One use case that comes to mind is the payment of vendors for raw goods. A medium size manufacturing company might receive multiple shipments from a vendor during the month. However, calculating the total bill for a given period and making one payment to the vendor might happen twice a month.
How can we create an Azure SQL database that keeps in mind cost for an intermittent relational database need?
Microsoft has a new virtual core offering of Azure SQL database called serverless. This offering optimizes the price-performance tradeoff and simplifies performance management for databases with intermittent and unpredictable usage. Since this offering allows for auto-scaling, workloads with CPU usage that peaks and valleys can benefit for this offering.
Our boss has asked us to look into the new virtual core offerings of Azure SQL database. Since we have a couple internal workloads that have intermittent usage patterns, we are going to start our investigation with the serverless offering.
We need to choose a simple problem that can be solved on our local laptop and in the cloud. This will give a performance comparison of the new offering. This proof of concept will use the math database schema which calculates prime numbers from 1 to N. In our case, we want to know how many primes numbers exist between 1 and 5 million. We want to execute 20 asynchronous jobs to accomplish this task as fast as possible.
The rest of the article will show you how to deploy an Azure SQL database (serverless edition) using the math database schema. Comparing cloud to on premise execution times allows us to gauge how fast the Azure virtualized environment is.
Deploy Server and Database
The deployment of the server and database is almost the same as the database transaction unit (DTU) version that we are accustomed to. I will point out the differences and highlight any key points in the screen shot images shown below.
First, we need to deploy an Azure SQL database using the Azure portal. I will be using a subscription that I only have full rights to a resource group named jfm_x_001. Clicking the add button when viewing the resource group will allow me to search the Azure Market place for the database service.
The above image shows that a new database server named svr4tips2019 will be deployed in the East US region. I might want to have other Azure services such as Azure Data Factory work with this data. Click the appropriate check box to make this happen.
Second, we need to choose the settings of the db4tips2019 database. By default, Microsoft wants all customers to start using the new v-Core offerings. Click on the configure database to see the full set of available options.
The original offerings of Azure SQL database using the Basic, Standard and Premium tier can be found by clicking the topmost left button. The image below shows the screen that most Data Architects have seen for the last 5 years. To see the new offerings, click v-Core purchasing topmost right button.
What is the main different between the offerings?
The historical offerings are a shared architecture in which you are not provisioned any dedicated CPU and memory. The new offerings allow for the selection of the number of CPUs.
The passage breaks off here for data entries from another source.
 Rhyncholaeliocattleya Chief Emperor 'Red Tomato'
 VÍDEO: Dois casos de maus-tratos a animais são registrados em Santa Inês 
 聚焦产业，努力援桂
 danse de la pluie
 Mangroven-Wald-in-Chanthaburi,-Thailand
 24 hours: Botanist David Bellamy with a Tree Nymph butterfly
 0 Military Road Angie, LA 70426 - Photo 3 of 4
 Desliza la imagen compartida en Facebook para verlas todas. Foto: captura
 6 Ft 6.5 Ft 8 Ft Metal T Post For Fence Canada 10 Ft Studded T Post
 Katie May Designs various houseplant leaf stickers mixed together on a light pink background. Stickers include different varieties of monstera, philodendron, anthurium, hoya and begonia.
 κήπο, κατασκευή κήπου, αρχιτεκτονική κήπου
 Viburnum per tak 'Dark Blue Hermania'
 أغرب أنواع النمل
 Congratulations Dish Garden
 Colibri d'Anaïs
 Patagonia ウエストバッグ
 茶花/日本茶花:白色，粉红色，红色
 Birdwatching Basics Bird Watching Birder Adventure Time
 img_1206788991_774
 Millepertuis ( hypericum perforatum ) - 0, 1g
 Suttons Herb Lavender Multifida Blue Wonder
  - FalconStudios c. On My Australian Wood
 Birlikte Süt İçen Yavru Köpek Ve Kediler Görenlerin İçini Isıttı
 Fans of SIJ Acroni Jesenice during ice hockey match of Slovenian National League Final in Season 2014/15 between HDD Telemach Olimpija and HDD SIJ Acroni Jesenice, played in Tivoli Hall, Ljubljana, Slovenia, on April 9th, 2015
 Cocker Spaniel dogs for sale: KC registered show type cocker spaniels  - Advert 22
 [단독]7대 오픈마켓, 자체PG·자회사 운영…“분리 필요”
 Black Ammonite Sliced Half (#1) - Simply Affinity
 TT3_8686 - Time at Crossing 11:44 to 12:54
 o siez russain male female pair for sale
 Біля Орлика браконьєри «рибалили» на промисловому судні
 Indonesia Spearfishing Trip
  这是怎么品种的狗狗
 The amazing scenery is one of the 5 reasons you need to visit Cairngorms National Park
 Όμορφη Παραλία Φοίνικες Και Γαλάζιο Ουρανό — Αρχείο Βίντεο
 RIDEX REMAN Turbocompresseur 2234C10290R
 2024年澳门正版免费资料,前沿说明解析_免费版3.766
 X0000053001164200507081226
Memory is allocated as a multiplier of the cores depending upon the generation of the central processing unit (CPU). I will go into more details in my next article on the General Purpose offering of Azure SQL database.
There are three new offerings under the v-Core based purchasing model. For our proof of concept, we want to choose the General purpose offering and the serverless compute tier.
We will be using four cores to match the processing power on my laptop. Please notice that the image below shows the ability to choose the min and max values for cores used by service. This is where scaling comes into play.
Like all v-Core offerings, the amount of memory is dictated by the number of cores and the size of the log file is dictated by the data file size. One key observation is that the service can be paused after a given amount of time.
It is import to note that the above image shows this service is in preview. When the images were taken for the article about 6 months ago, this was true. Today, the service has general availability. Also, the limitations of 4 cores and 1 TB of file space has been increased to a maximum of 16 cores, 48 GB of memory and 3 TB of file space.
Most deployments from the portal have a review and create pane. This allows the user to go back to various options if they are incorrect. Click the create button to deploy the serverless database.
I do like the new deployment details pane. It shows what is being deployed and the status of the deployment. From the image below, we can see a server, database and firewalls were deployed. What is interesting is the storage account which was deployed to support vulnerability assessments and alert policies. For some reason, it is listed three times in our deployment log.
At the end of the day, we are just interested in the components that were deployed. We have listed below an Azure logical SQL Server named svr4tips2019 and an Azure Serverless database named db4tips2019.
In a nutshell, deploying the new serverless offering requires a few more choices from the user to complete than the older offerings.
Math database schema
One of the nice things about Azure SQL database is that it is secured during deployment. That means we have to enable the firewall to allow our database tool of choice to connect. Please see image below for details.
I am still using SQL Server Management Studio (SSMS) for DBA tasks. You might be using either Visual Studio database projects, Azure Data Studio, or a third-party product. The image below shows a typical login using the account I created during deployment of the logical server.
The enclosed T-SQL script named "make-prime-number-database.sql" will create the math database schema. Inside the script is a statement that displays the objects that were created. Your results should match the image below.
The code below is extracted from a T-SQL file named "calculate-prime-numbers.sql". It will find and store primes numbers with a range of a given N to N + 250000 - 1.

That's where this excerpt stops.